I was wondering what the panel thinks about taking a personality test before starting the dating process to help understand one’s own personality and what kind of person one would align with. It would also probably help shadchanim match people up. What are your feelings about this idea?
Of the many fascinating idiosyncrasies which weave their way through the fabric of our experiential reality, I have noticed that oftentimes a notion permeates the air, presenting itself recurrently from various sources and within a relatively short timeframe. As it so happens, the impression that a highly specific and systematized categorizing and cataloguing of daters would perhaps enhance the dating process and increase both the amount of dates which are generated and the quality of those dates, is an idea which has come my way quite a few times in recent months. And though I cannot say that there is anything inherently wrong with the suggestion, in whatever particular form it may take shape, personally, it holds little appeal to me, if any. To be unequivocally clear, the value of self-knowledge cannot ever be underestimated, be it in terms of internal growth or interpersonal relationships. However, it is this particular avenue of speculative, simulated, and synthetic self-scholarship that does not leave me without a large measure of pause. And I say this for three reasons.
First and foremost, dating is a connaturally human endeavor, and human beings are infinitely complex and layered. No amount of artificial probing for augmented compatibility can authentically account for the myriad and continually developing characteristics and features within each of us, and I am rather skeptical about any such method yielding results that are any better than those which we are currently seeing. In fact, there is a part of me that imagines the product of these procedures may even generate poorer outcomes, simply due to an unnecessary overthinking of things and the spurious ideology that we could ever precisely pin down the essence of a person. That is G-d’s domain, not ours.
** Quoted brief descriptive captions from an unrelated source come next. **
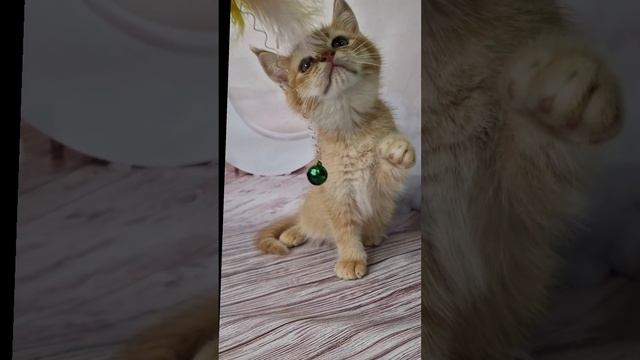 VID_128290519_230636_285.mp4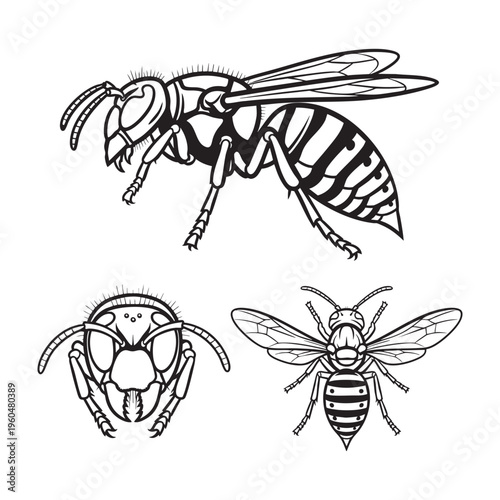 Hornet Wide Eye Stripe Three View Bold Line Art Vector Design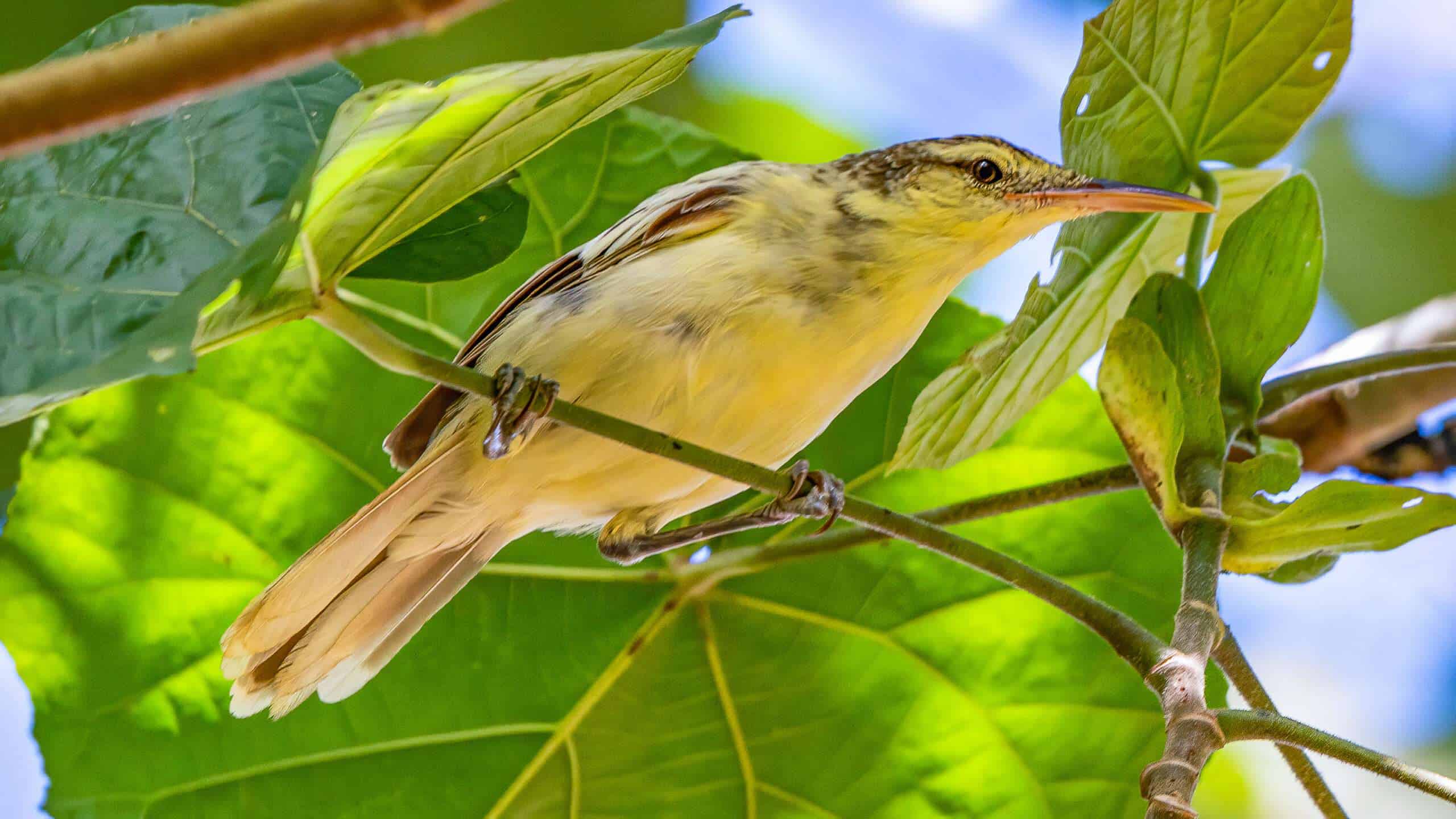 Acrocephalus caffer 3 A Petit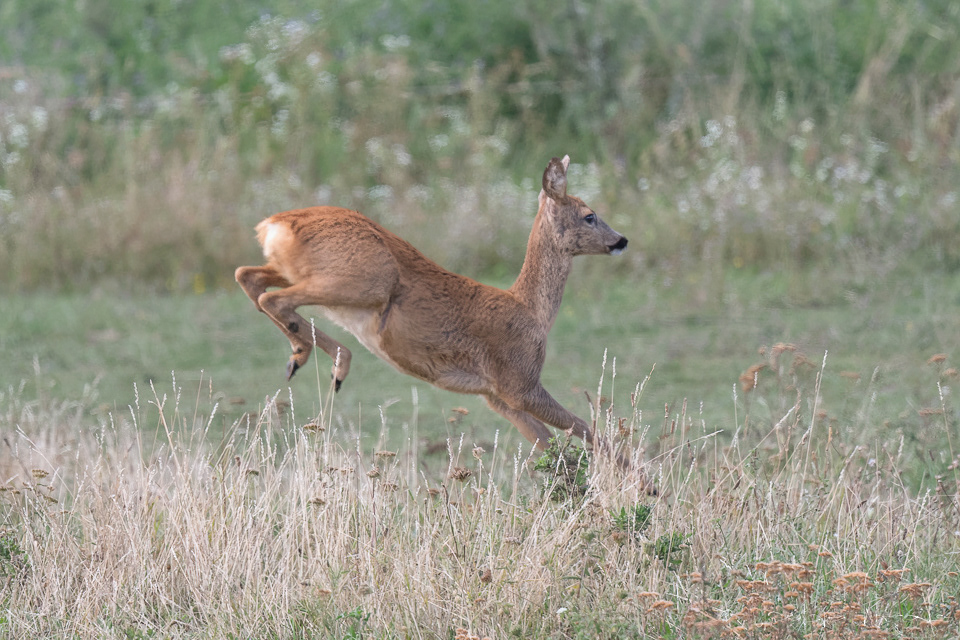 Chevreuil d'Europe (Capreolus capreolus)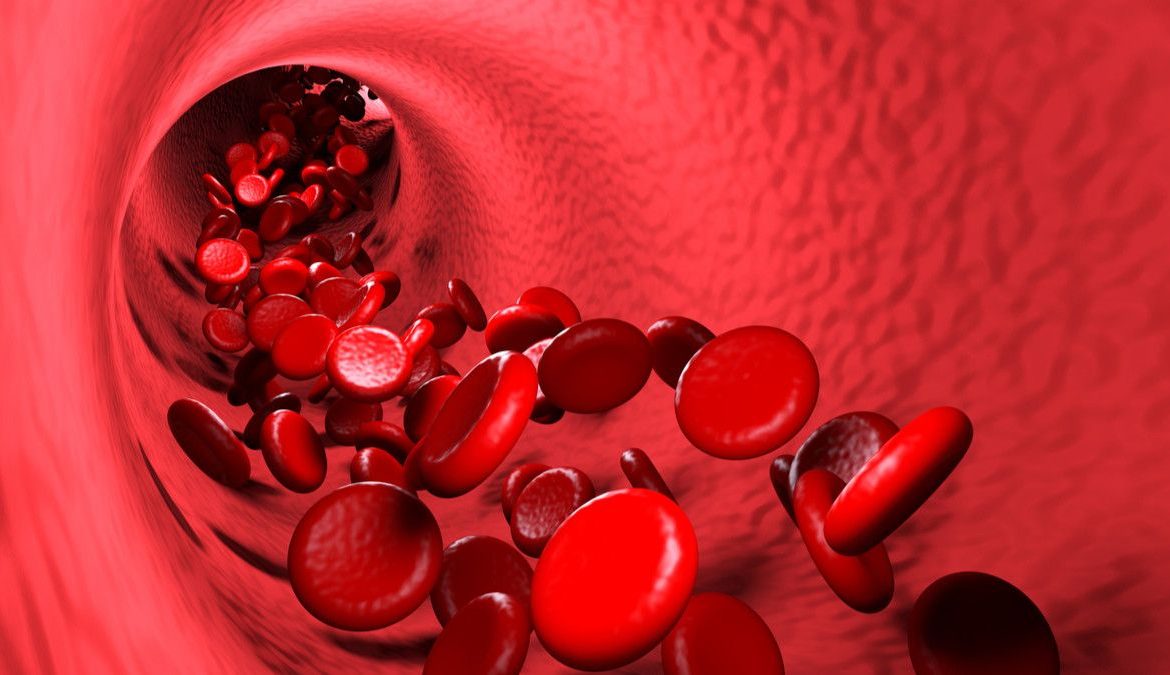 5. Melancarkan Peredaran Darah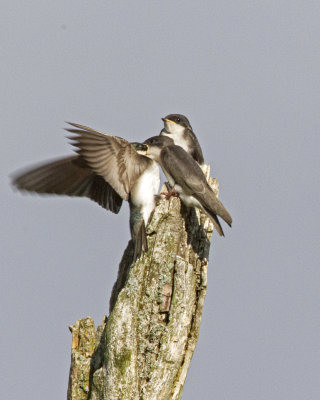 Tree Swallows: adult and fledglings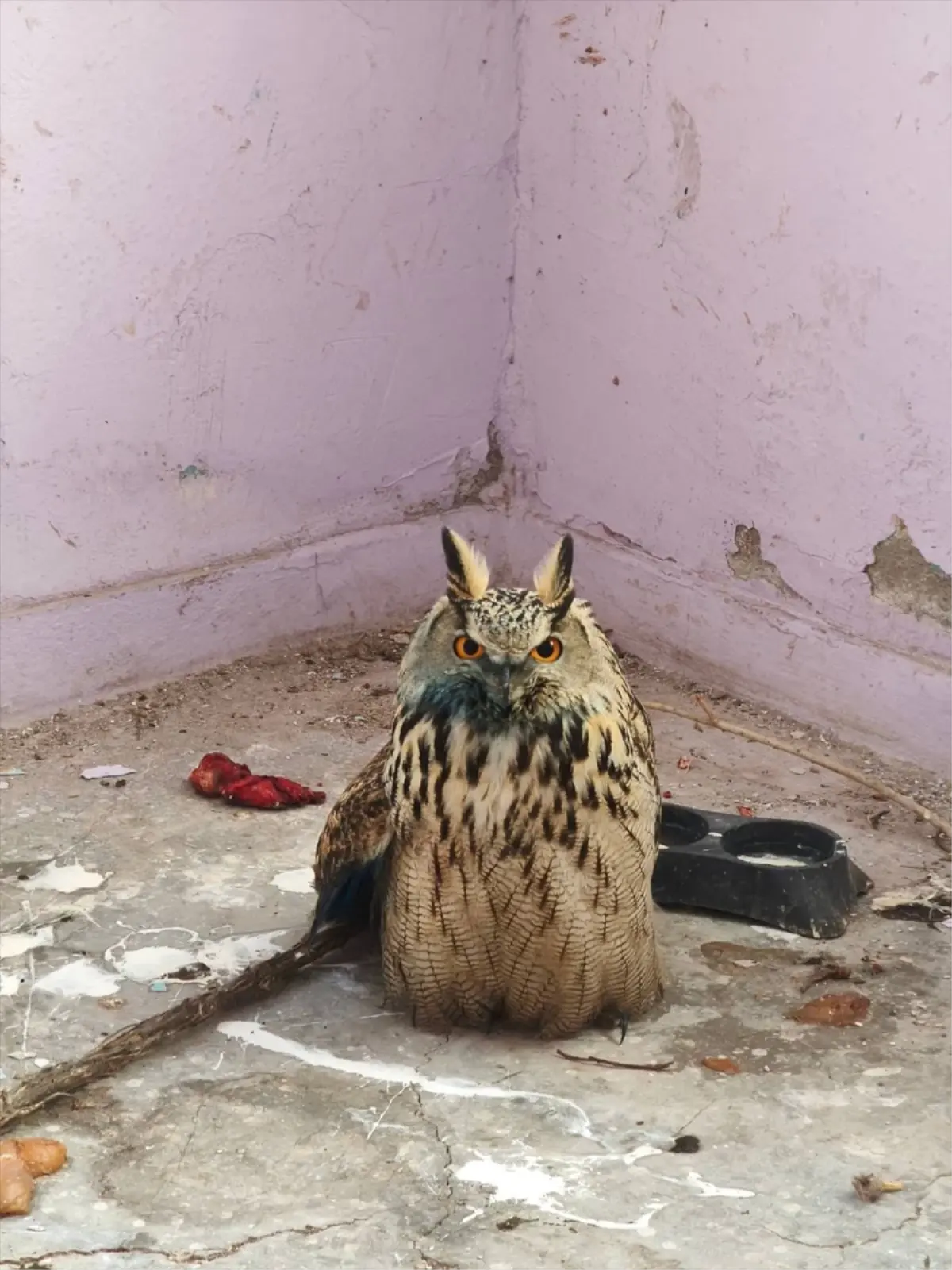 Yaralı Puhu Tedavi Altına Alındı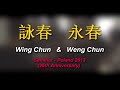 Wing chun vs weng chun  vingdragon seminar dvd excerpts
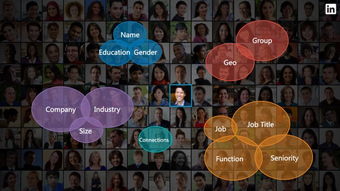 二、 LinkedIn：职业社交的先锋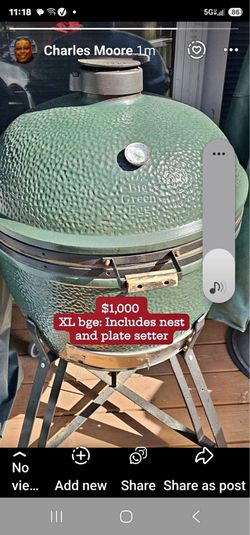 Used Green Egg Grill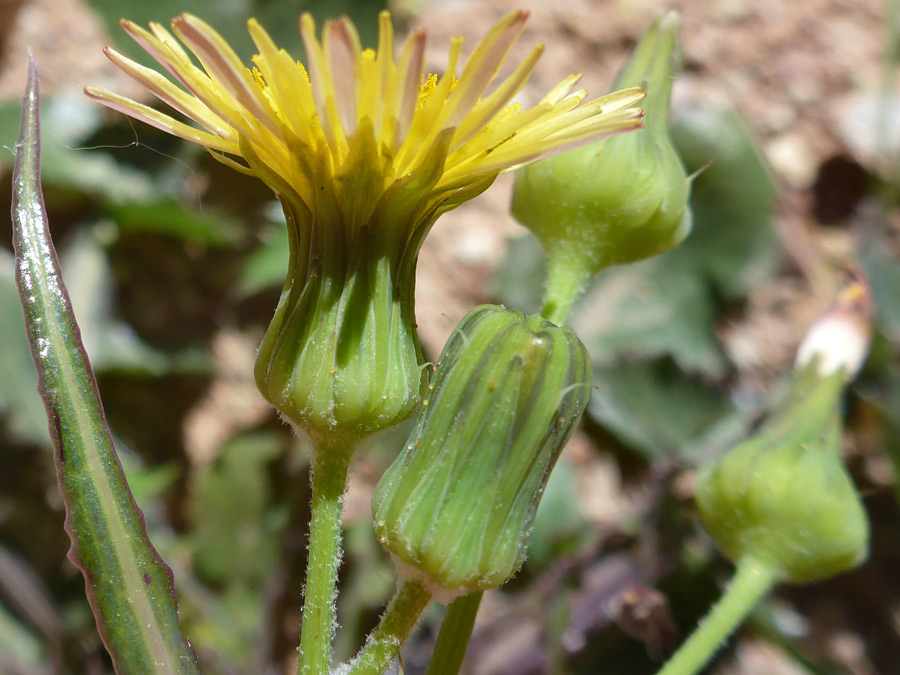 Linear phyllaries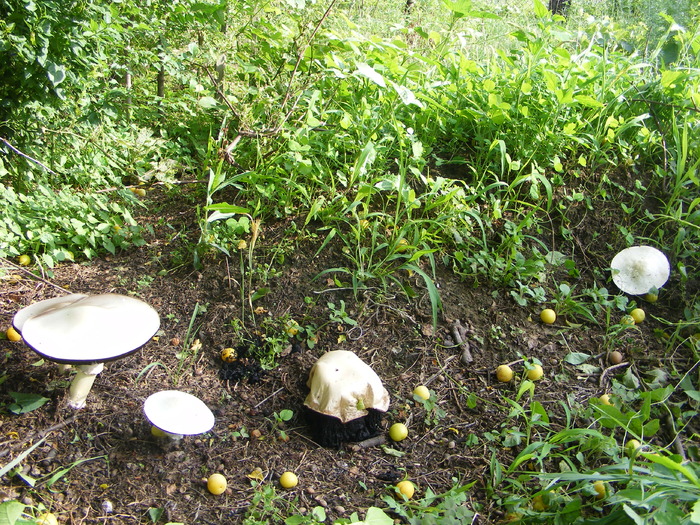 ciuperci 019 - Flori si alte chestii 2010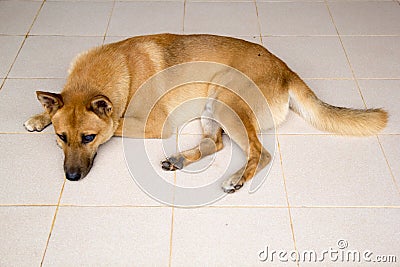 Dog Stock Photo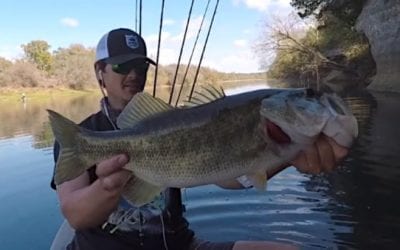 Bass Fishing in November: How to Find and Catch Big Ones This Time of Year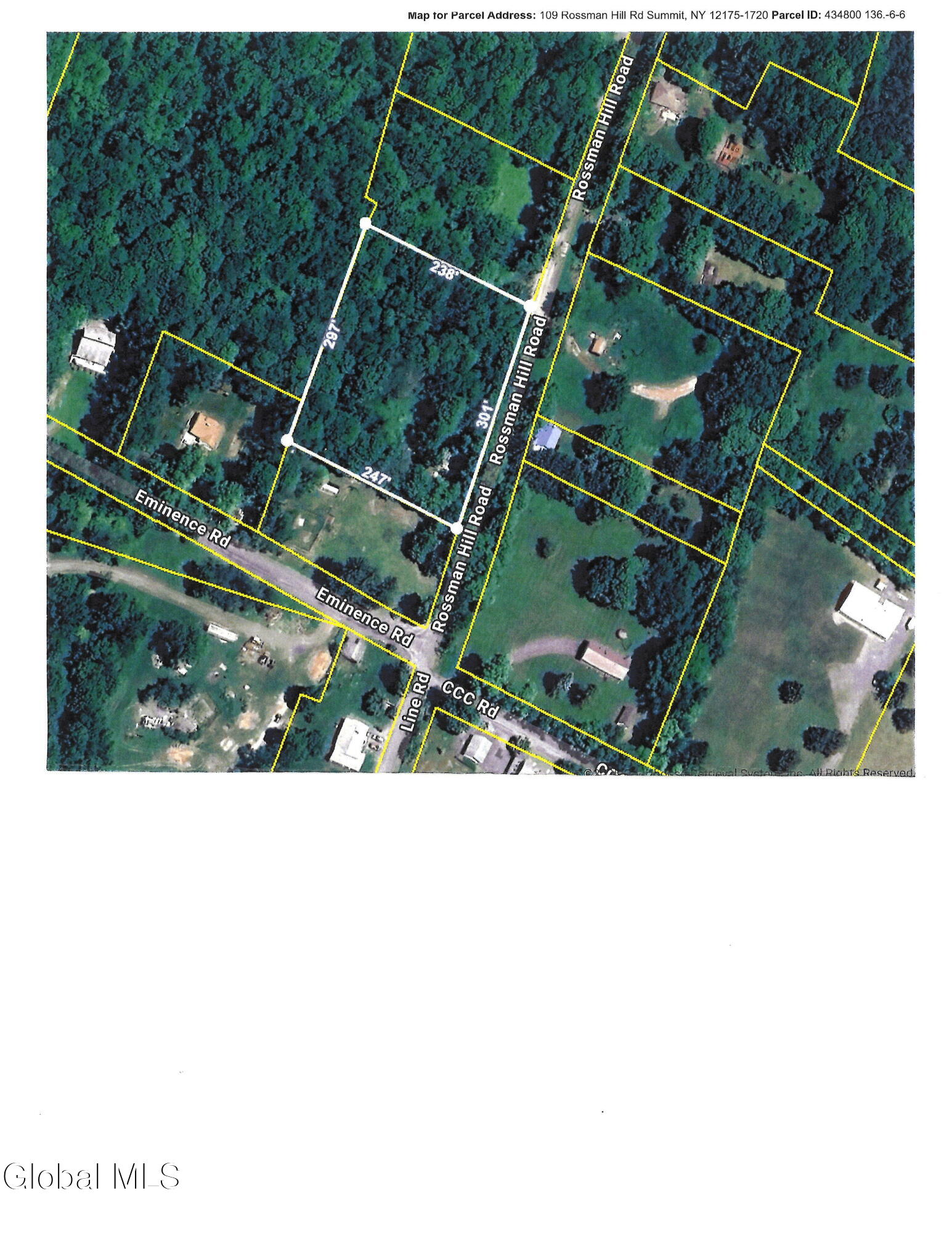 109 Rossman Hill Road Summit NY 12175
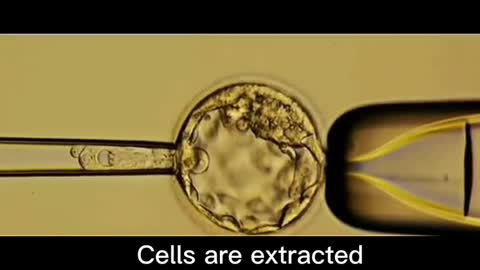 Can blastocyst biopsy damage embryos?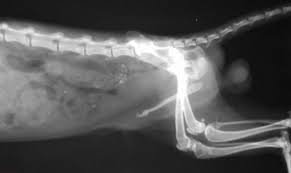 <ul><li><p><span>Bones that form in soft organs</span></p><ul><li><p><span>Os cordis</span></p><ul><li><p><span>Ruminants</span></p><ul><li><p><span>Supports valves of heart</span></p></li></ul></li></ul></li><li><p><span>Os penis</span></p><ul><li><p><span>In penis of dog, beaver, walrus, chimps</span></p></li></ul></li><li><p><span>Os rostri</span></p><ul><li><p><span>Swine</span></p><ul><li><p><span>Strengthens the snout: rooting</span></p></li></ul></li></ul></li></ul></li></ul><p></p>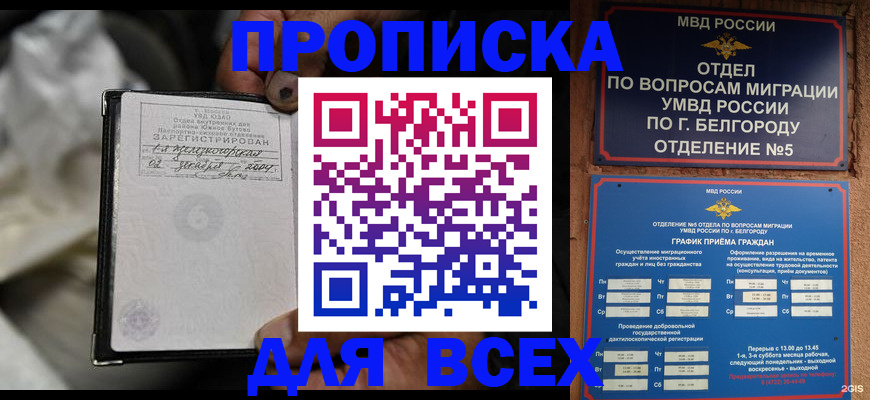 где прописаться в Лесном
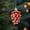 Red, variant on Beollynier 6pcs 2.36 Inch Christmas Pinecone Ornaments Hanging Decor for Tree Wreath Table Holiday Party Decorations Reusable Plastic Pinecone Decor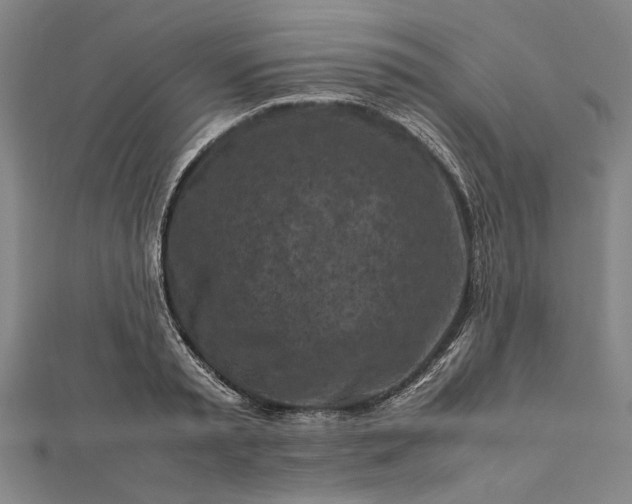 X0000112170797200908211425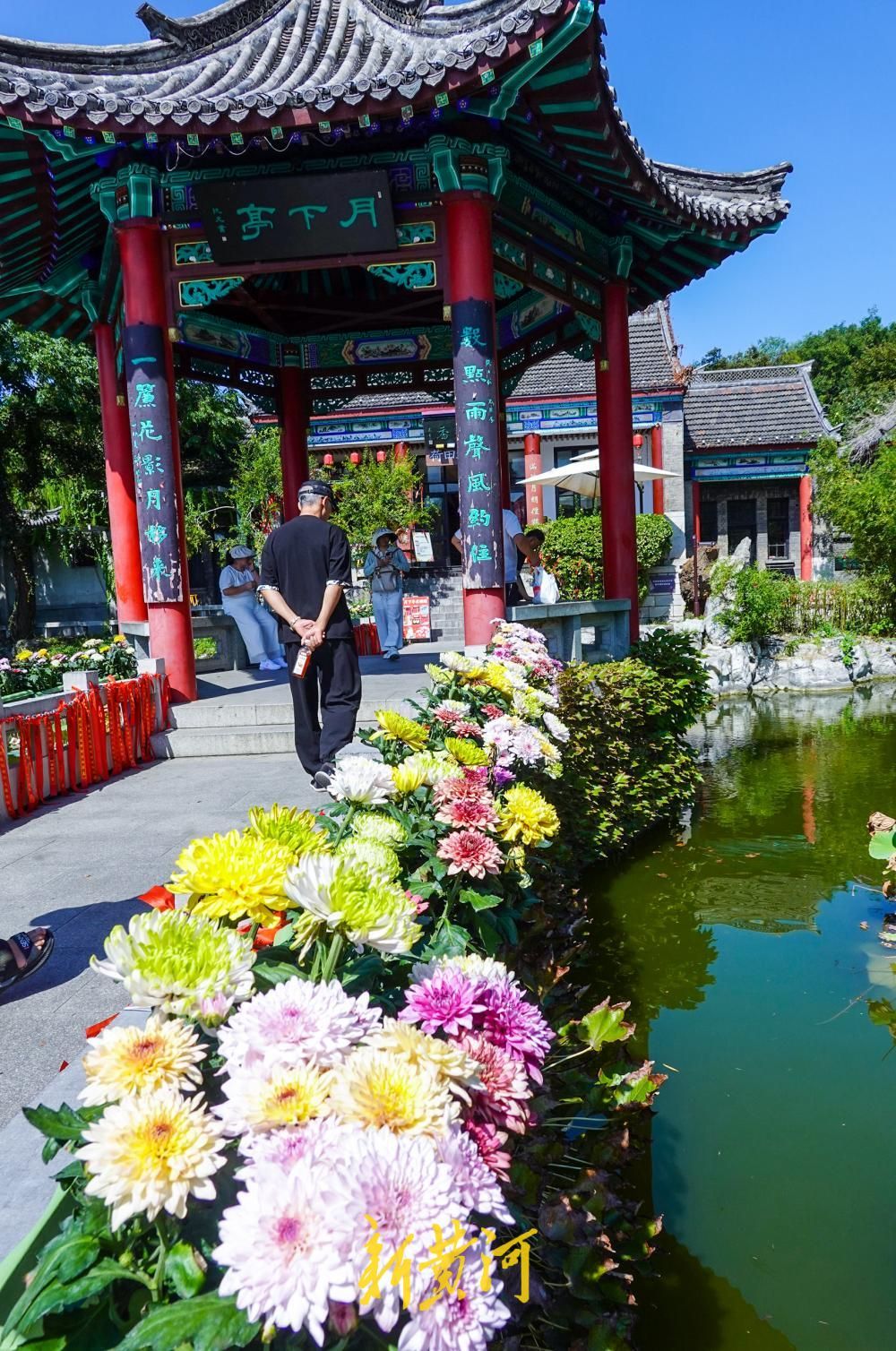济南大明湖月下亭金秋菊花展启幕，数百盆菊花扮靓明湖秋色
Second, and notwithstanding the above, if a person lacks sufficient self-awareness to the degree that they are turning to a set of standardized questions for the purposes of automated self-definition, the probability that they will find that which they seek seems rather minimal to me. Is there some value to these undertakings? Possibly. But they also tend to be comparatively capricious and unreliable.
Thus, if one is in need of gathering enough critical information about oneself to successfully segue into shidduchim, professional help and many hours of skill building and introspection are the proper remedy, in my opinion. Personality evaluators and regimented forms, for the purposes at hand, are nothing more than intellectual shortcuts and academic attempts at an easy out from underneath the burden of a legitimate emotional issue which demands concerted energy and a fair amount of time. To arrive at meaningful self-knowledge, one must deeply engage in the work of examining and understanding one’s inner being, and filling out a quick questionnaire does not strike me as earnest work. One cannot cross the finish line without ever running the race. Parenthetically, if a shadchan requires formal disposition analyses to accompany the meetings they take and the résumés they receive in order to do their job efficiently, they are likely in the wrong line of work.
Third, even if we could somehow dependably corral and demarcate the core of a person, and even if the proposed tools were up to the task of doing so for those who feel too uncertain about themselves to achieve their dating goals unassisted, accurately predicting with whom and with what type of person one will ultimately connect, based only on a constricted and fabricated perception of one’s own constitutional markers, is an effort in grievous futility. Some people need a virtual mirror image of themselves, others need a polar opposite reflection for the sake of harmonious balance, and yet others need just the right mixture of similarity and dissimilarity. And in most cases, it is the dating process itself – the trial and error of it all, and the glorious epiphany that occurs when one genuinely meets their match – which bears out the truth of concord and kinship, not the solitude of pen, paper, and test results.
May the Tzofeh Veyodei’a Sisareinu suffuse us all with overflowing wisdom, insight, and understanding.